Issu d’un milieu modeste (son père était cordonnier et sa mère couturière), Philippe Gaubert débute l’apprentissage de la musique par le violon, puis il continue par l’étude de la flûte. Repéré par Paul Taffanel (1844-1908), il obtient dans sa classe un premier prix en 1894. Nommé première flûte solo à l’orchestre de l’Opéra en 1895, il poursuit des études de composition au Conservatoire, où il remporte un premier prix de contrepoint et fugue suivi d’un premier Second Grand prix de Rome en 1905. En parallèle, il se lance dans une carrière de chef d’orchestre et devient le second chef de l’orchestre de la Société des concerts du Conservatoire en 1904. La guerre interrompant sa carrière, il obtient le poste chef principal en 1919 et restera à la tête de la formation jusqu’en 1938. En 1920, il devient premier chef de l’Opéra avant d’être promu chef de la musique en 1931 puis directeur de la musique en 1939. Il poursuit en parallèle une carrière de pédagogue suite à sa nomination au poste de professeur de flûte au Conservatoire en 1919 puis au poste de professeur d’orchestre et de direction d’orchestre en 1931. Philippe Gaubert s’éteint dans l’exercice de ses fonctions en 1941.

Mobilisé en 1914, Philippe Gaubert sert comme brancardier-musicien.
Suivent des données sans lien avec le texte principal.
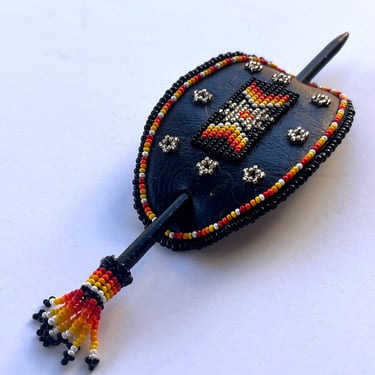 Beaded Leather Hair Pin, Beaded Hair Stick Barette, Native American Hair Pin, Black Wooden Hair Stick Pin, Hair Stick Pin Hair Accessory 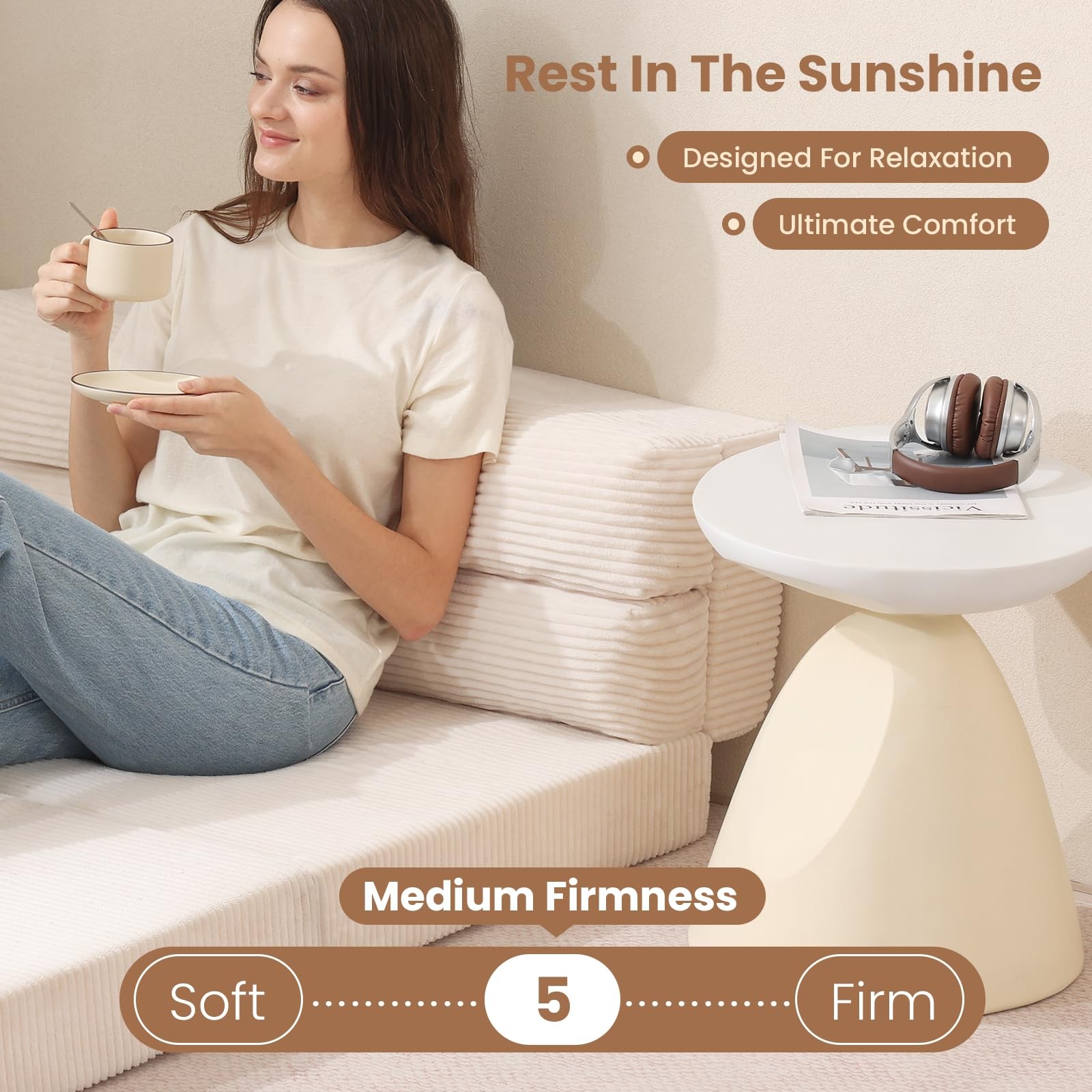 JUIKURY Folding Sofa Bed, Convertible Sleeper Chair with Pilow Full, Beige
Les sources à notre disposition permettent d’établir qu’il se trouve dans le secteur de la tranchée de Calonne, sur les hauteurs de la Meuse, en 1915, théâtre de terribles combats cette année-là. Promu sergent, en charge d’une petite musique régimentaire, Philippe Gaubert est décoré avec palmes. Durant ces années, il compose ses Poèmes pour voix et piano ainsi qu’une Suite pour flûte, violoncelle et piano.

Cette partie de l’exposition est destinée à nous interroger sur la valeur du témoignage et de notre positionnement à son égard. Témoignage souvent « à chaud », écrit dans des conditions précaires, la parole déposée sur le papier n’en reste pas moins une entreprise de reconstitution par l’écriture d’une réalité qui nous échappe, et qui souvent, dans le cas de la Grande Guerre, semble dépasser son locuteur. Le témoignage, souvent partiel à cause des différentes formes de censures, répond également à une stratégie : celle d’une publication à l’ensemble d’une corporation, ici les élèves et anciens élèves du Conservatoire.